MYSTERE CHAMBRE VERTE VERY TITRE
 

Le papier tenture était vieux rose.

Le papier du salon, bien entendu – car, pour la chambre, elle était vouée au vert, un délicieux vert Trianon.

« Oui, messieurs, déclara Mme Émilienne de Rouvres, il était à peu près deux heures du matin. Je dormais. Soudain… »

Émue au souvenir de son aventure, Mme de Rouvres frémit à ce « soudain. » Deux auditeurs, assis en face d’elle, frémirent aussi, respectueusement, avec un tact parfait. L’un était l’inspecteur Jean Martin, de la police judiciaire ; l’autre, le détective privé Marcel Fermier, attaché au service de la Cie Sirius, à laquelle un contrat d’assurances contre le vol et l’incendie liait Mme de Rouvres.

Il était dix heures du matin. Le cri des freins de triporteurs conduits « à tombeau ouvert » par des garçons bouchers ou épiciers troublait seul la quiétude de la rue des Sablons, à Paris.

« Soudain, reprit Mme de Rouvres, des craquements, dans le couloir, m’éveillent en sursaut. Je donne de la lumière : « Qui va là ? » Point de réponse : « Qui est là ? » Silence. Je vis seule, messieurs, et je ne garde ici aucune arme. Je me lève, néanmoins, et m’avance jusqu’au seuil de ma chambre. À cet instant, un individu masqué se dresse devant moi. Avant que j’aie le temps d’appeler, il se rue sur moi… »

Les traits de l’inspecteur et ceux du détective privé présentaient, avec un ensemble comique, une série d’expressions de circonstance : admiration pour la crânerie manifestée par Mme de Rouvres, anxiété en raison du danger couru, horreur, à la pensée des barbares traitements qu’elle avait peut-être subis.
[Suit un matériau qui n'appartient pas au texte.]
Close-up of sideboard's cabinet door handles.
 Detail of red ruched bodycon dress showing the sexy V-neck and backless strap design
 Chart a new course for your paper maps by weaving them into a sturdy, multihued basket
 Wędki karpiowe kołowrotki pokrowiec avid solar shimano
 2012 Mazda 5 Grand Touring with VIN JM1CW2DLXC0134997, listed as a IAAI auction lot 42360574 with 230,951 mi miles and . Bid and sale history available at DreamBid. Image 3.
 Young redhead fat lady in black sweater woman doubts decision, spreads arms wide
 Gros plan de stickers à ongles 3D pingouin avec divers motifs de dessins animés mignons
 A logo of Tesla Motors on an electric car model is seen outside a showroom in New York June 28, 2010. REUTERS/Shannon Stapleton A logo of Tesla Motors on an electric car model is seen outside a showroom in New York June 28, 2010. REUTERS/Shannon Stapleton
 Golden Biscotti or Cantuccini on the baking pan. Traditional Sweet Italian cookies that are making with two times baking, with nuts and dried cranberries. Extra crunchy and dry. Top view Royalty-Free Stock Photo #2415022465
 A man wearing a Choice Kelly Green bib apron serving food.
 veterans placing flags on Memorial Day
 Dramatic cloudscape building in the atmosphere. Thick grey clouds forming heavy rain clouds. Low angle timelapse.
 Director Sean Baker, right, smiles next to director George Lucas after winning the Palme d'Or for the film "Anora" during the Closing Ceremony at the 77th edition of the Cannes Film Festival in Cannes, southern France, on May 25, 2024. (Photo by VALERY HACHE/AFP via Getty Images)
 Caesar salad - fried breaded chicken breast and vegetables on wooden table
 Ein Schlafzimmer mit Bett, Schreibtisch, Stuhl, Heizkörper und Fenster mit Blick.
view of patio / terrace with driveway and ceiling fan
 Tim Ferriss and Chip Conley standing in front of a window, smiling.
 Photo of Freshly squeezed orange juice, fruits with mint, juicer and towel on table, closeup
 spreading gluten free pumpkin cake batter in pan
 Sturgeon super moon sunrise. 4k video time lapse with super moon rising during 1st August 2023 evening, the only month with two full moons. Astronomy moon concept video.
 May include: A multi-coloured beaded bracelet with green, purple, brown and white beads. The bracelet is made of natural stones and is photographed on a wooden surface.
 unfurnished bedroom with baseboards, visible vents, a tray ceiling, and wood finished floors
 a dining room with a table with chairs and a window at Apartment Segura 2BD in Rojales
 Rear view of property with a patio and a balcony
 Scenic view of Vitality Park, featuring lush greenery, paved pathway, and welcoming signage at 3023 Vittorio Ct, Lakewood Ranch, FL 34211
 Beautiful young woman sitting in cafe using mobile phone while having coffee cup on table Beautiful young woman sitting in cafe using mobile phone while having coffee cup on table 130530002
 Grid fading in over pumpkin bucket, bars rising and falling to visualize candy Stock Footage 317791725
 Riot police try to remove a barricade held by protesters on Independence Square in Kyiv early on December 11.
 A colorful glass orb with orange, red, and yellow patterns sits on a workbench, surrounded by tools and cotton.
Le visage de Mme de Rouvres, pomponnée, bichonnée, était coloré par un émoi rétrospectif et aussi, eût-on dit, par le reflet du papier du salon. Un Anglo-Saxon irrévérencieux eût appelé cette dame une chère vieille rose chose.

Non qu’elle fût âgée. Elle avouait la quarantaine. À peine si elle l’avait passée. Enfin, elle n’avait guère plus de cinquante ans.

C’était une personne du meilleur monde, aux appâts opulents, et qui avait été fort séduisante, vers 1910 – de même que son salon avait été du plus ravissant Louis XVI, du temps qu’un mobilier heureusement choisi le garnissait.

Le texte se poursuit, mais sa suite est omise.